Restate word for word the entries below, starting with the line with "عقارب NH35، مؤشرات" and continuing through the line with "Carnaval no fim dos anos 50". Include both of those lines and no others.

◇ ◇ ◇

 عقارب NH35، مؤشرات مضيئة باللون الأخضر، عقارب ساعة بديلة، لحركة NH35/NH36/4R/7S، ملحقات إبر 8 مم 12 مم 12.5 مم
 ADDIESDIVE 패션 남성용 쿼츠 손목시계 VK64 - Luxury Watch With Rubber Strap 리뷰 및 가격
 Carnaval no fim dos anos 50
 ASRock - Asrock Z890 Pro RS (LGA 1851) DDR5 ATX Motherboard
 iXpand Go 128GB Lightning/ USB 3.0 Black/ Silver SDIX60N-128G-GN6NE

◇ ◇ ◇

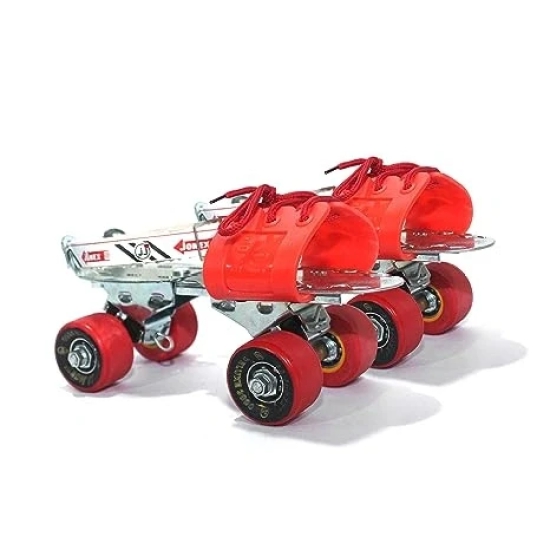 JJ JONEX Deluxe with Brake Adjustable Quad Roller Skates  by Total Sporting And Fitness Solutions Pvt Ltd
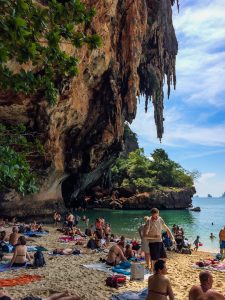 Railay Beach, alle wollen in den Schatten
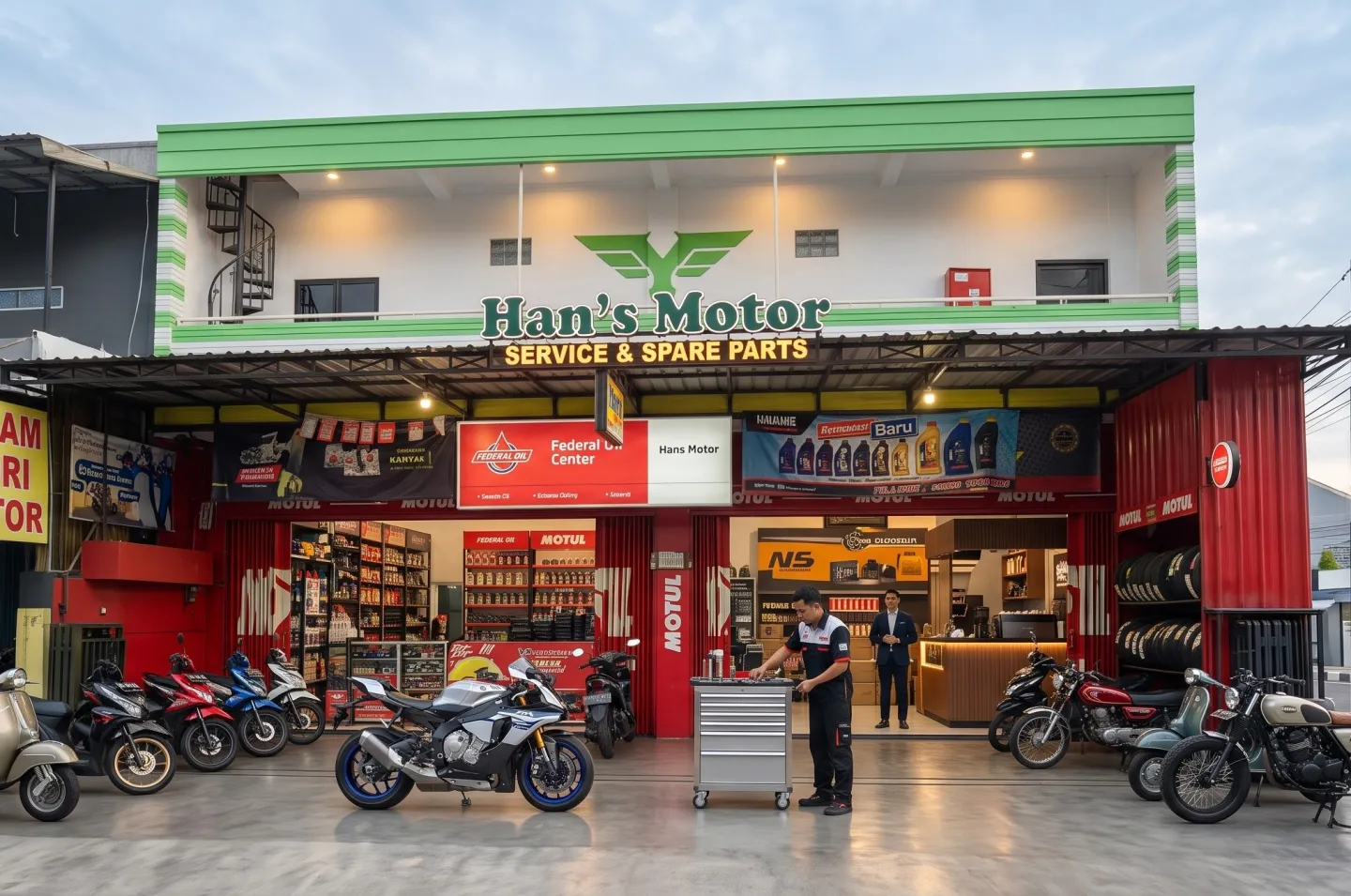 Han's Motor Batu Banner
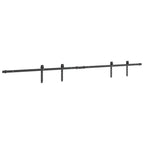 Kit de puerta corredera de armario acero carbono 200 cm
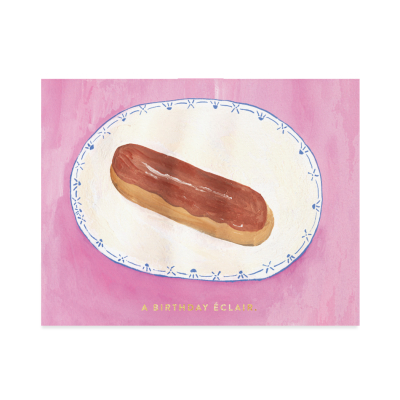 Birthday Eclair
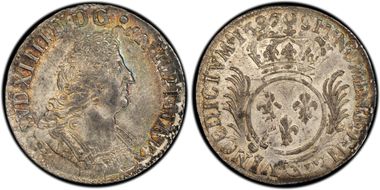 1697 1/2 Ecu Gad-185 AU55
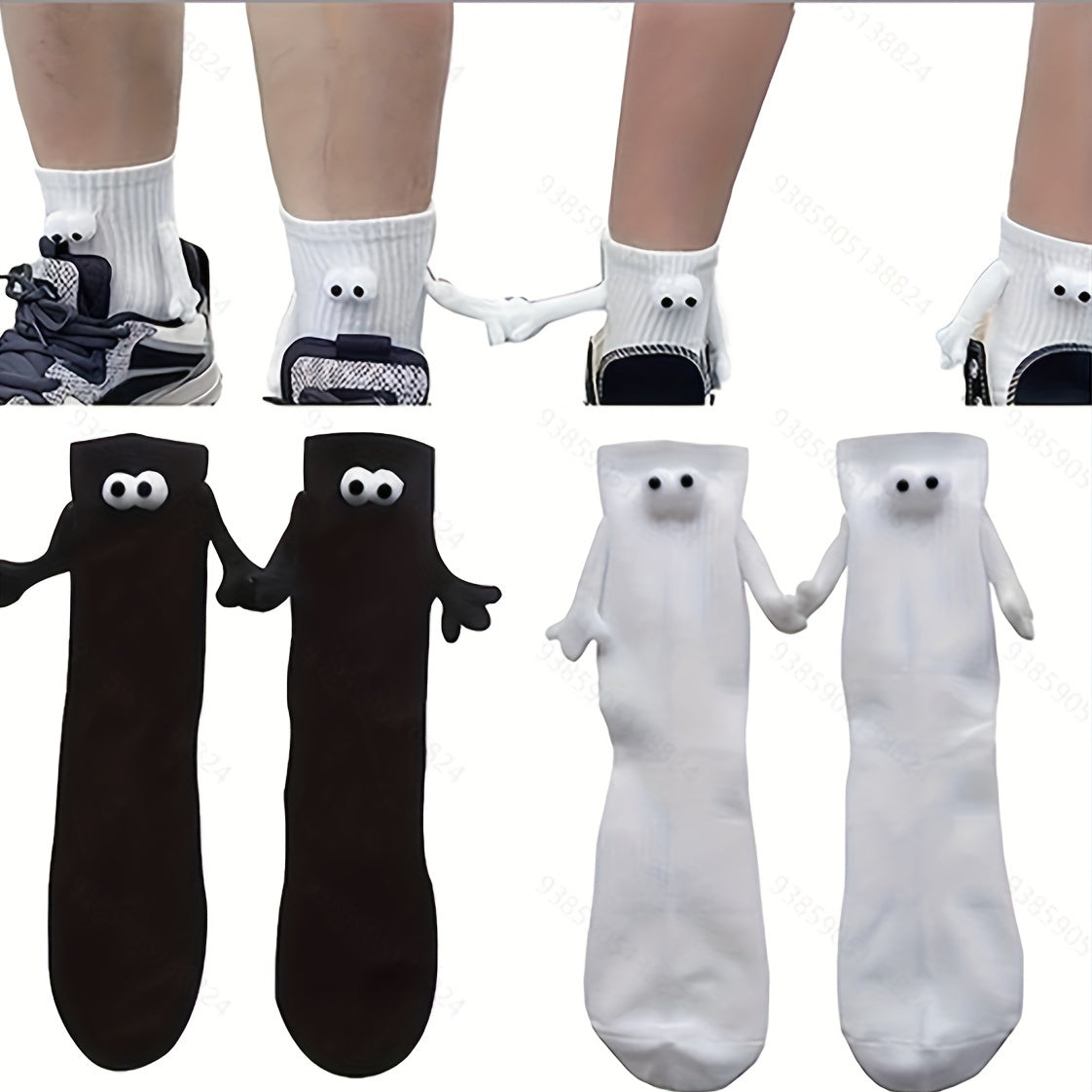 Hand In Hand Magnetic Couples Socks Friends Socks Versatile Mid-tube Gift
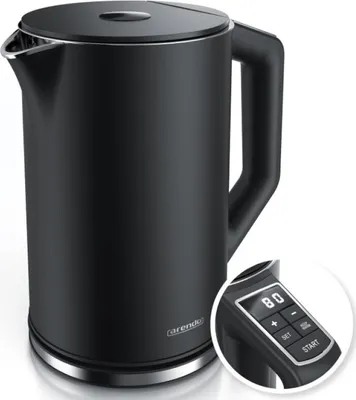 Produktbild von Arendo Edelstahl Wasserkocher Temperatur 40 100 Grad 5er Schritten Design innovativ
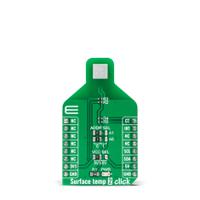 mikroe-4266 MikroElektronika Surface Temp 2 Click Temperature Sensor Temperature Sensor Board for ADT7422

◇ ◇ ◇

> _RESPONSE BOX_
 عقارب NH35، مؤشرات مضيئة باللون الأخضر، عقارب ساعة بديلة، لحركة NH35/NH36/4R/7S، ملحقات إبر 8 مم 12 مم 12.5 مم
 ADDIESDIVE 패션 남성용 쿼츠 손목시계 VK64 - Luxury Watch With Rubber Strap 리뷰 및 가격
 Carnaval no fim dos anos 50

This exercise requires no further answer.